Applications for the 2019 USCS-SSRC DPD Program are due February 8, 2019.
Alexandra Grundler’s background in dance and her appreciation for art led to her current course of doctoral research: morality and dance, and “symbolism as the connection between beauty and morality” in artistic expressions as diverse as sculpture, poetry, painting, and folk dance.
Grundler is a third-year PhD student in the Philosophy department at UC Santa Cruz, and a recipient of a 2018 UCSC-SSRC DPD Fellowship.
Your research is on the moral dimension of dance. Can you tell us more about that—what are your academic and artistic interests, as well as your main intellectual concerns?

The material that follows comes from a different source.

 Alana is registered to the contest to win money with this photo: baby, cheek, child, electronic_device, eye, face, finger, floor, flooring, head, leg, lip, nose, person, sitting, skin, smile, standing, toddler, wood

One thing that makes dance uniquely fascinating to study philosophically is that the art is living and resides in the movements of a human being—it therefore necessarily involves ethical considerations because of this direct person-to-person confrontation. Dancing lives in time; that is, the richness of the artistic movement is as fleeting as the body dancing it. The medium does not result in any other lasting product—no book, no painting, no sculpture remains when the performance has concluded. Another interesting thing is that any notation left by the first choreographer is taken up, interpreted, and changed by the following choreographers and stagers. Because of this living, evolving nature of the art, the first-hand accounts that remain from original choreographies are even more fascinating to study and interpret. I am interested in how a dancer experiences this re-embodiment of a mythical character, one that is potentially centuries old and has been played by hundreds of dancers before her. That’s a start to my love of dance, though I am interested in everything from the subtle artistic dialogues that catalyze the evolution of dance technique to what it means to be a body and create art most generally.
How did you use the UCSC-SSRC DPD grant in 2018? Did you find that your research path changed direction somehow?

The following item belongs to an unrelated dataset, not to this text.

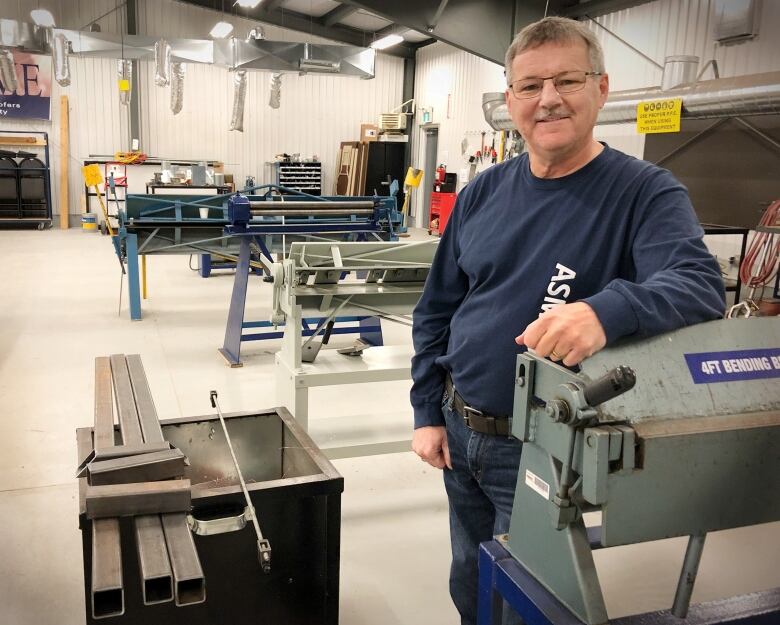 A man stands in a sheet metal workshop surrounded by equipment and tools.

I spent two months studying in multiple locations throughout Europe. Many days were spent in archives at libraries and museums, but I also got a chance to meet with contemporary thinkers I admire as well as attend book talks, conferences, and lectures on everything from applied phenomenology at the Center for Subjectivity Research in Denmark to folk-dance ethnochoreology in Hungary.
Two directions I ended up pursuing stand out to me as particularly surprising. Firstly, I started off looking at dancers’ perspectives on their work, but became interested in other perspectives of dancers that speak to their embodiment of a mythic archetype. This can be seen in poetry, painting and sculpture from people like Hugo, Mallarmé, Degas, and Rodin, to name a few. One famous example of this is in Alexandre Lacauchie’s image of Marie Taglioni as a floating sylph [see image].
Another unexpected turn was a shift from studying only theatrical dance to looking at how non-theatrical dances such as folk-dance are relevantly different ways of using artistic expression in the body to ethically relate to one another.
How have these new areas of inquiry—dancers’ embodiment of a mythic archetype, and non-theatrical dances—shifted your dissertation research overall?
I was convinced by the account of F.W.J Schelling, the German Romantic Philosopher of the early 19th Century, that drama was to be considered the highest form of art because it is a complete unification of poesy, music, and dance. For Schelling, however, only ancient dramas live up to this potential because they possessed historically embedded mythological content and a symbolic form. I set out on my research to prove concretely that Romantic Ballet achieves Schelling’s dramatic ideal. Ballets like La Sylphide and Giselle answered the call to create new myth and captured their modern mythic content in a genuinely symbolic form (displaying the universal and the particular in a unified way).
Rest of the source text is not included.